Abulia

Cuando llegan estas fechas se me aparece la tristeza envuelta en papel de plata, es una tristeza lánguida, una tristeza incompleta, vacua. Cuando aprieta, acostumbro a ahogarla en vino con gaseosa, mucha gaseosa fresquita, por lo que inevitablemente acabo llenándome de aire y haciendo pucheros (así llaman al lloro indolente que no termina de hervir en gritos). Sospecho que esta pena mía tiene mucho que ver con la lluvia de meteoritos que llaman lágrimas de San Lorenzo; sin embargo, no estoy muy seguro porque hay otras razones tan poderosas, quizá la más importante sea cómo veo que se me escapan los días sin llevar a cabo ni uno de mis proyectos soñados: tampoco iré a París a beber vino gabacho en el Pont Neuf mientras recito a Corneille de memoria, tendré que conformarme con veranear en Marbella; ando liado en una espiral sin fin de aburrimiento e indolencia.

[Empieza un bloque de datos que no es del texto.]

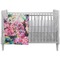 Watercolor Floral Crib Comforter / Quilt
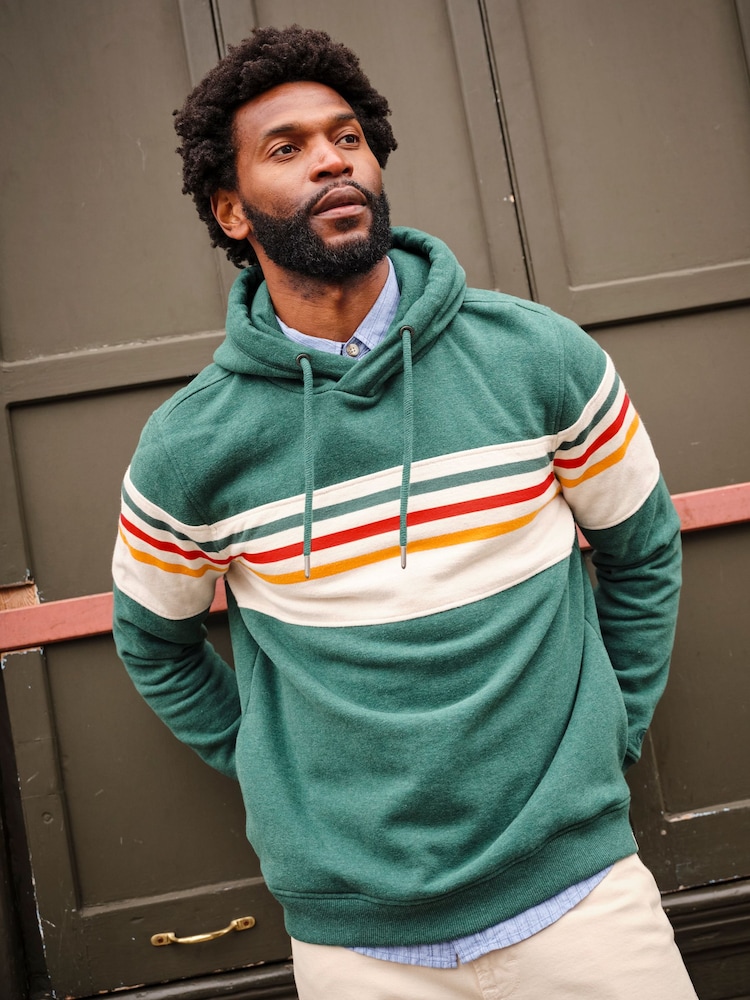 FatFace Brooke Jade Green Overhead Cut and Sew Hoodie - Image 1 of 7 FatFace Brooke Jade Green Overhead Cut and Sew Hoodie - Image 1 of 7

A los que mandan en esta región les ocurre algo parecido, viven en un sin vivir, pero con una sutil diferencia: tienen mono de poder; se han alejado de la escena con tristeza y andan medio escondidos entre las bambalinas de la vida para que el personal advierta que siguen allí, haciendo muecas grotescas. Debe de ser horrible estar pero no estar, ser pero no ser, contar pero no contar. Como casi todos se conocen entre sí y les sobra desparpajo, es seguro que habrán conseguido entradas gratis para ahogar la nostalgia en la esperanza de ver el próximo día veinticuatro a José Tomás y así comprobar cuánto espacio queda entre la belleza absoluta y la muerte cierta.